Parrot's language neutrality was a conscious design decision. Parrot and Perl 6 hewed closely in the early days; it would have been easy for the two to overlap and intermingle.

By keeping the two projects separate and encapsulated, the possibility arose to support many other dynamic languages equally well. This modular design also benefits designers of future languages. Instead of having to reimplement low-level features such as garbage collection and dynamic data types, language designers and compiler implementers can leave these details of infrastructure to Parrot and focus on the syntax, capabilities, and libraries of their high-level languages instead.

Parrot exposes a rich interface for these languages to use, offering several important features: a robust exceptions system, compilation into platform-independent bytecode, a clean extension and embedding interface, just-in-time compilation to machine code, native library interface mechanisms, garbage collection, support for objects and classes, and a robust concurrency model. Designing a new language or implementing a new compiler for an old language is easier with all of these features designed, implemented, tested, and supported in a VM already.

Language interoperability is a core goal for Parrot. Different languages are suited to different tasks; heated debates explode across the Internet about which language is right for which project. There's rarely a perfect fit. Developers often settle for one particular language if only because it offers the fewest disadvantages. Parrot changes this game by allowing developers to combine multiple languages seamlessly within a single project. Well-tested libraries written in one languages can interoperate with clean problem-domain expression in a second language, glued together by a third language which elegantly describes the entire system's architecture. You can use the strengths of multiple language and mitigate their weaknesses.

For language hosting and interoperability to work, languages developers need to write compilers that convert source code written in high level languages to bytecode. This process is analogous to how a compiler such as GCC converts C or C++ into machine code -- though instead of targeting machine code for a specific hardware platform, compilers written in Parrot produce Parrot code which can run on any hardware platform that can run Parrot.

Parrot includes a suite of compiler tools for every step of this conversion: lexical analysis, parsing, optimization, resource allocation, and code generation. Instead of using traditional low-level languages -- such as the C produced by lex and yacc -- to write compilers, Parrot can use any language hosted on Parrot in its compiler process. As a practical matter, the prevalent tool uses a subset of the Perl 6 programming language called Not Quite Perl (NQP) and an implementation of the Perl 6 Grammar Engine (PGE) to build compilers for Parrot.

PGE and NQP are part of the Parrot Compiler Tools. CHP-5 Chapter 5 discusses PGE and CHP-6 Chapter 6 explains NQP.

PCT Overview

The Parrot Compiler Tools (PCT) enable the creation of high-level language compilers and runtimes. Though the Perl 6 development team originally created these tools to produce Rakudo (Perl 6 on Parrot), several other Parrot-hosted compilers use them to great effect. Writing a compiler using Perl 6 syntax and dynamic language tools is much easier than writing a compiler in C, lex, and yacc.

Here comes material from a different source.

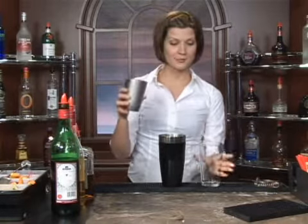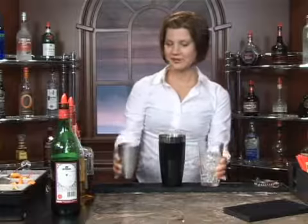I'm going to show you how to make a drink called a triad. We're going to start off with ice — pour that in your glass.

PCT contains several classes that implement various parts of a compiler. HLL developers write language-specific subclasses to fill in the details their languages require. The PCT::HLLCompiler class specifies the compiler's interface and represents the object used to parse and execute code. The PCT::Grammar and PCT::Grammar::Actions classes represent the parser and syntax tree generators, respectively. Creating a new HLL compiler is as easy as subclassing these three entities with methods specific to your language.

Grammars and Action Files

A PCT-based compiler requires three basic files: the main entry point file, the grammar specification file, and the grammar actions file. In addition, compilers and the languages they implement often use large libaries of built-in routines to provide language-specific behaviors.

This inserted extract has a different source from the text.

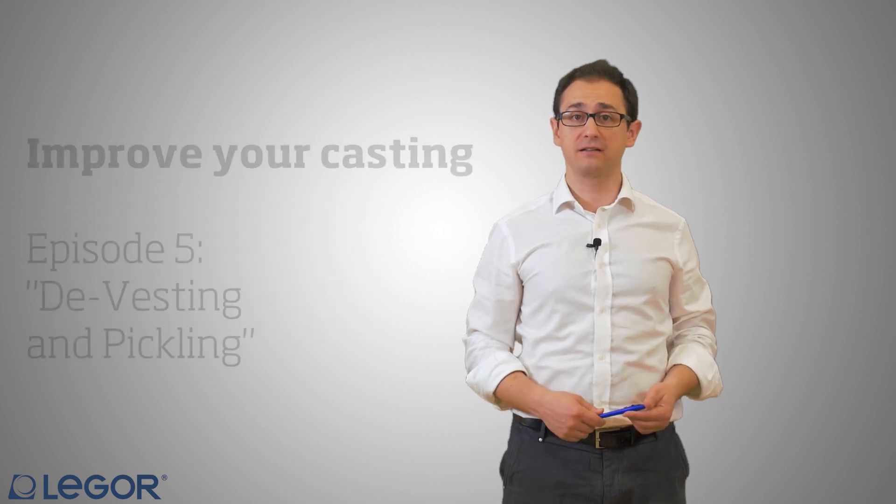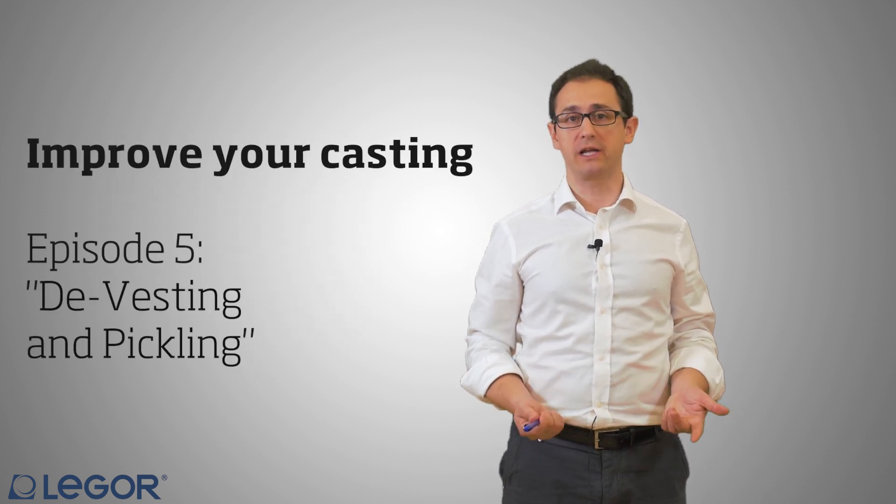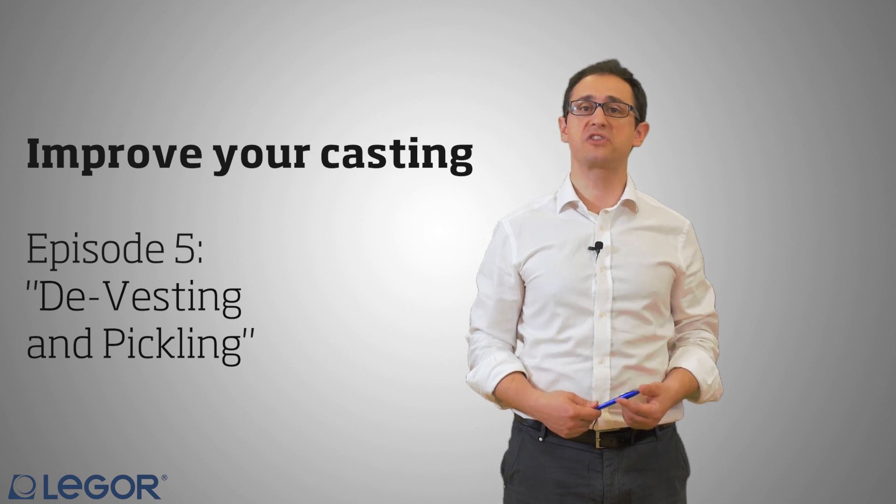In this video we will show you how to remove the gypsum bonded investment remains from the flask after it has been quenched and put back at room temperature, and after that we will see how to pickle it in order to be able to proceed to inspection.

PCT's workflow is customizable, but simple. The compiler passes the source code of the HLL into the grammar engine. The grammer engine parses this code and returns a special Match object which represents a parsed version of the code. The compiler then passes this match object to the action methods, which convert it in stages into PAST. The compiler finally converts this PAST into PIR code, which it can save to a file, convert to bytecode, or execute directly.

mk_language_shell.pl

The only way creating a new language compiler could be easier is if these files created themselves. PCT includes a tool to do just that: mk_language_shell.pl. This program automatically creates a new directory in languages/ for your new language, the necessary three files, starter files for libraries, a Makefile to automate the build process, and a basic test harness to demonstrate that your language works as expects.

These generated files are all stubs which will require extensive editing to implement a full language, but they are a well-understood and working starting point. With this single command you can create a working compiler. It's up to you to fill the details.

mk_language_shell.pl prefers to run from within a working Parrot repository. It requires a single argument, the name of the new project to create. There are no hard-and-fast rules about names, but the Parrot developers reccomend that Parrot-based implementations of existing languages use unique names.

Consider the names of Perl 5 distributions: Active Perl and Strawberry Perl. Python implementations are IronPython (running on the CLR) and Jython (running on the JVM). The Ruby-on-Parrot compiler isn't just "Ruby": it's Cardinal. The Tcl compiler on Parrot is Partcl.

An entirely new language has no such constraints.

From the Parrot directory, invoke mk_language_shell.pl like:

  $ B<cd languages/>
  $ B<perl ../tools/build/mk_language_shell.pl <project name>>

Parsing Fundamentals

An important part of a compiler is the parser and lexical analyzer. The lexical analyzer converts the HLL input file into individual tokens. A token may consist of an individual punctuation ("+"), an identifier ("myVar"), a keyword ("while"), or any other artifact that stands on its own as a single unit. The parser attempts to match a stream of these input tokens against a given pattern, or grammar. The matching process orders the input tokens into an abstract syntax tree which the other portions of the compiler can process.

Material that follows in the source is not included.